Trombonist Trolsen is equally incendiary and the rhythm section of Singleton and DiFlorio sears the wallpaper. The music sounds like—well, in my notes I scribbled “Circus elephants doing a waltz around all three rings as they avoid wet noodles.” Every time it gets on the verge of being too ethnic, too klezmer-y, too Armenian/Slovenian/Basque/Balian/Botswanaian/Belorussian/Burgundy Streetian, Tim Green steps up and we’re back in Soulville with Junior Walker passing the washtub-fried turkey necks to Junior Parker. And then when Green flies his rocket out past the Dog Star, Freilich sashays in with a riff and a whiff of normalcy.

This is strange, weird music from a time and place when strange and weird are commonplace, where Buddhist tattoos, scrotal piercings, vegetarian pizza, cross-dressing lesbian libertarians, wheatgrass juice cocktails, St. Augustine green-dyed dreadlocks and vintage Vespa Primaveras are on every corner. It’s a raucous time of, as goes Freilich’s title, “Cultural Confusion.”
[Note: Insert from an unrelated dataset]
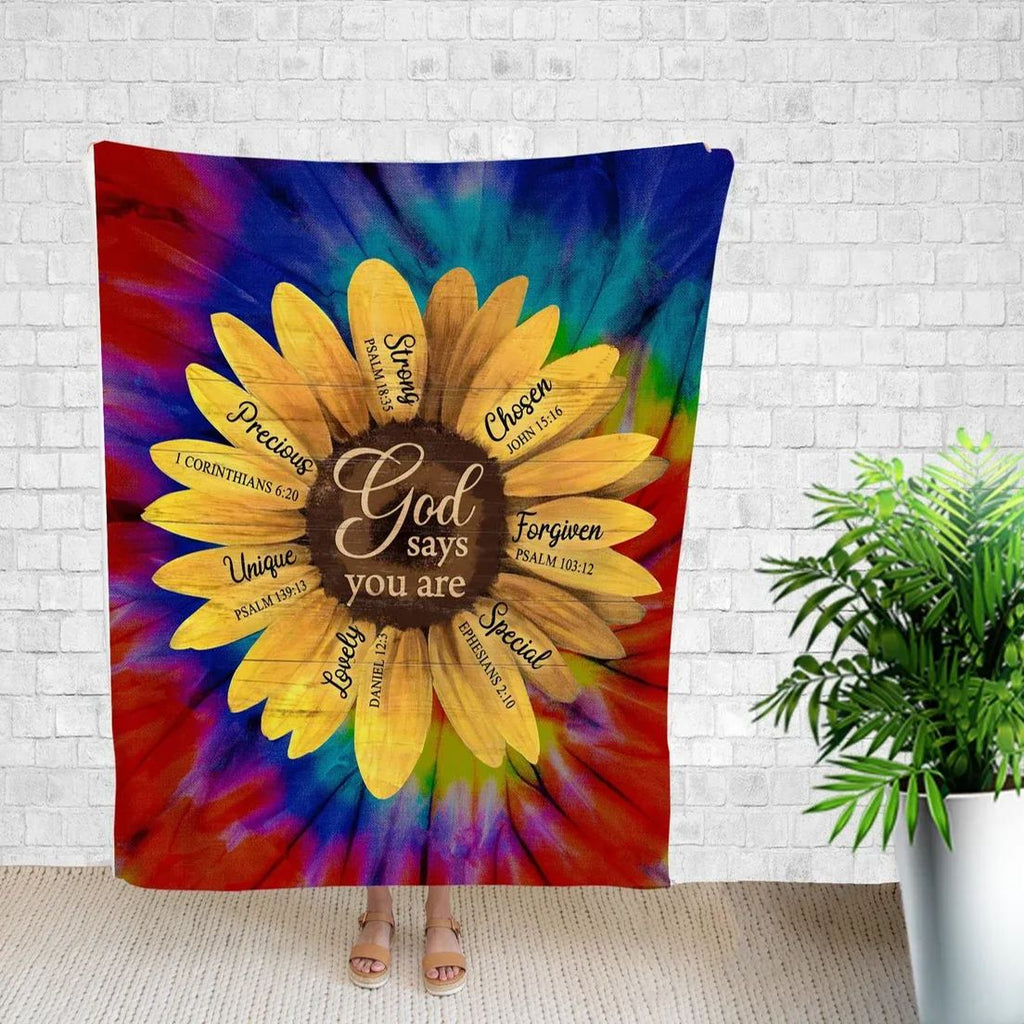 God Says You Are Christian Blanket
In his extensive liner notes, which commence with quotes from philosopher Bertrand Russell, Sufi teacher Hazrat Inayat Khan and composer Duke Ellington, Freilich writes: “Cultural confusion—putting one note in front of the other. Just to see what you really hear. Slowly, without learned manipulations. Where do these threads come from? All experiences leading up to the moment when the note is written; what your teachers taught, the radio played, your mother sang, the rhythm of blows from young schoolmates, what your grandmother sang to you, the tailspin of a recent incident that moved the mind into its current vibration. Then you look without automatically editing. Observe cultural confusions and tolerate the alternatively organized cultural stew.”

Confused? Shed your clothes, shed your intolerance, and get naked with Jonathan Freilich’s sounds of five mighty musical brains at work. You’ll be floored.